Accra, June 4, GNA - The Court of Appeal on Friday dismissed a chieftaincy appeal brought before it by Nana Yeboah Afari Obuogyan II, Nifahene of the Kwahu Traditional Area, and four other divisional-chiefs, against the Omanhene, Daasebre Akuamoah Boateng the 11.
In a unanimous decision, the three-member panel, presided over by Mr Justice F. M. Lartey, ruled that the Chieftaincy Act (CA) empowered the Judicial Committee (JC) of the Eastern Regional House of Chiefs to adjudicate on the matter.
The court, therefore, ordered that the matter be sent back to the Judicial Committee of the Eastern Regional House of Chiefs, where it came from.
The two other panel members were, Mr Justice J. Dotse and Mrs Justice Vida Akoto-Bamfo.
Daasebre Boateng commenced chieftaincy proceedings against Nana Obuogyan, Nana Obeng Akrofi, Nana Apeadu Kokora, 11, Nana Danso Ababio, the second, and Nana Atuobi Yiadom, at the JC of the Eastern Regional House of Chiefs, when they unilaterally elevated themselves to statuses contrary to custom.
The Kwahu Omanhene sought a declaration from the JC that the purported unilateral elevation of Nana Obuagyan as the Okwahu Aduanamanhene under the stool name of Osabarima Yeboah Afari Obuogyan II, was unlawful.
Daasebre Boateng stated that this unilateral elevation of Nana Obuogyan was against custom and usage, and ran contrary to the Chieftaincy Act, 1971 (Act 370) and Article 270 (1) of the 1992 Constitution.

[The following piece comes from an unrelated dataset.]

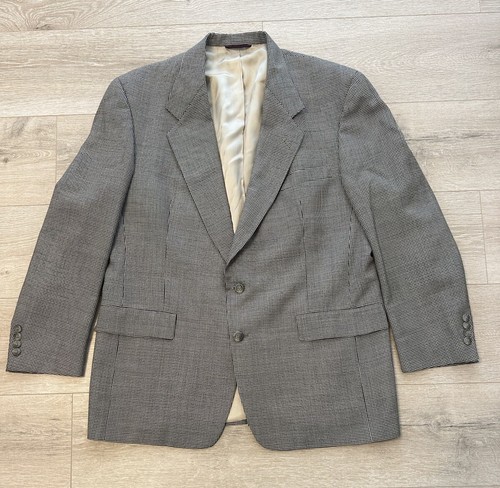 Vintage Hart Schaffner & Marx Wool Sport Coat Size 43R Tan Black Houndstooth - Picture 3 of 13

He sought a further declaration that the purported breakaway or seceession by the five chief from the Nifa Division of the Kwahu Traditional Area, and their purported elevation as wing or divisional chiefs of Okwahu Aduanaman or paramountcy, were both unlawful. The Kwahu Omanhene also prayed the JC for a perpetual injunction to restrain the five chiefs from styling themselves, and acting as the Omanhene and wing chiefs.
After they five filed their defence, Nana Boateng applied to the JC for an interlocutory injunction to restrain Nana Obuogyan from conducting and styling himself as Paramount Chief of the Okwahu Aduanaman, and the other four, of the positions they had assumed. Before the motion could be heard, the five chiefs filed another interlocutory application to challenge the jurisdiction of the JC of the Eastern Regional House of Chiefs, to determine the petition.

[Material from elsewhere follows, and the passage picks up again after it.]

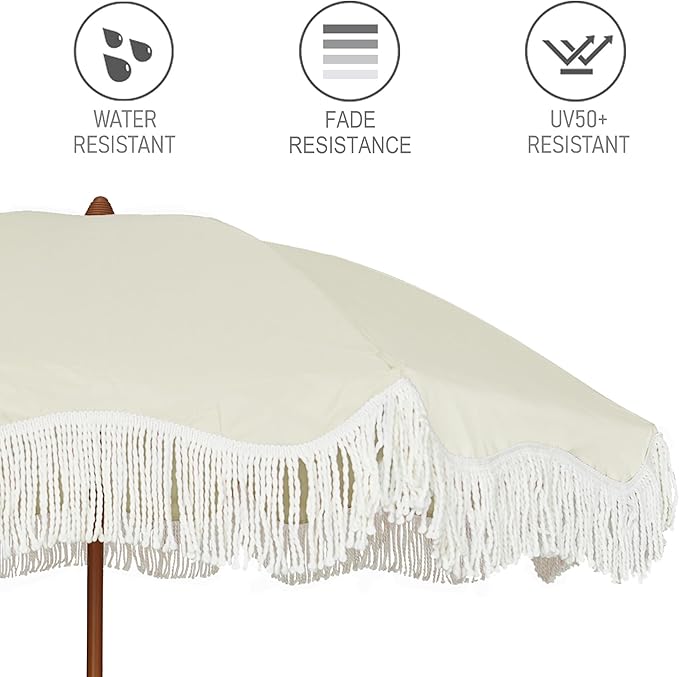 AMMSUN 6.5ft Boho Outdoor Umbrella with Fringe, UPF 50+ Picnic Umbrella with Tassels, Premium Steel Pole and Push Button Tilt, Light Beige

The objection of the five chiefs to the JC was that since the matter in their view, involved a constitutional interpretation of Article 270 (1) of the 1992 Constitution, it was the highest court of the land, the Supreme Court, that had the constitutional mandate to determine it.
The Committee dismissed it and held that since the matter bordered on chieftaincy, the Committee, it was which was vested with jurisdiction in the matter.
The five chiefs appealed against the ruling to the JC of the National House of Chiefs in Kumasi, but failed to pursue the appeal. Thereafter, they proceeded to file an application at the Koforidua High Court for the prerogative writs of certiorari to quash the ruling, and also sought prohibition to prohibit the JC of the Eastern Regional House of Chiefs from sitting on the petition.
The court, presided over by Mr Justice Kwasi Appeah, dismissed that application.
When the matter resumed before the JC of the Eastern Regional House of Chiefs, counsel for the chiefs raised an objection, but the committee dismissed his arguments.
He filed another application for prerogative writs, but it was dismissed.
Undaunted, the five chiefs filed a petition at the JC of the National House of Chiefs in Kumasi to invoke the committee's original jurisdiction to determine the matter.
The Committee unanimously dismissed the petition, and still undeterred, the five appealed against the ruling of the committee at the Supreme Court.
However, when the case came up for hearing, they failed to appear and the matter was dismissed as withdrawn.
When the matter came up for hearing at the JC of the Eastern Regional House of Chiefs, the five chiefs refused to appear before the committee, claiming that by section 27 of the Chieftaincy Act (Act 370), their notice of appeal constituted a stay of the proceedings at the forum.
The Committee, nevertheless, heard arguments put forth by Daasebre Boateng's solicitor on his motion for interlocutory injunction to restrain the five chiefs from styling themselves as paramount and divisional or wing chiefs.
The Committee heard the argument for the simple reason that its attention was drawn to the fact that section 27 of the Chieftaincy Act which now affects final judgment not interlocutory decisions, has been amended by NRCD 226.
When the five were served with hearing notices of the date the ruling was to be delivered, they rushed to file another application for the prerogative writs of certiorari and prohibition, but this time, at the Nkawkaw High Court.
The case was later transferred on the directive of the Chief Justice, to the Koforidua High Court.
It was the ruling of that application which formed the subject matter of the appeal, which the Court of Appeal dismissed Friday.